私の説明を聞く久世先生の目が、じっと話をする私に向けられているからだ。
会話をするためには目を合わせるのは当たり前のことで、普通のことなのに、嫌だなって思ってしまう。
自分が受診をするなら絶対的に女性の先生を選ぶけど、今日はみみちゃんの緊急の受診の付き添いだから仕方ない。
自分を押し込めて、問診に応える。
「──わかりました。じゃあ、その打ったところを見せてもらおうかな」
久世先生が掛けているキャスター付きの椅子を立ち上がる。
腰を上げるとすごく背が高く、身長が一六〇センチあるかないかの私は若干顔を上げないといけないほど。優に一八〇センチ以上はあるのだろう。
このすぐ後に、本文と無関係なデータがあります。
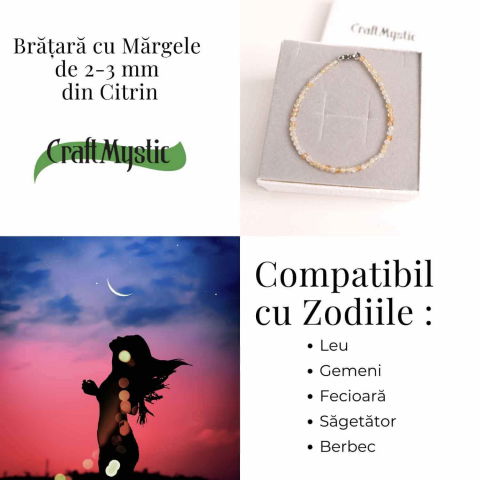 Bratara cu margele 2-3 mm citrin fatetat natural pentru prosperitate si energie pozitiva [4]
小さいみみちゃんはこんな長身の先生じゃ余計に怖くならないだろうか。
「ちょっと見せてね」
みみちゃんの後ろに回った久世先生の邪魔にならないように、少しだけみみちゃんから離れる。
「舞花先生」
しかし、不安になった様子のみみちゃんの手が、私を求めて伸びてくる。
邪魔にならないようにみみちゃんの横で腰を落とし、小さな手を握りしめた。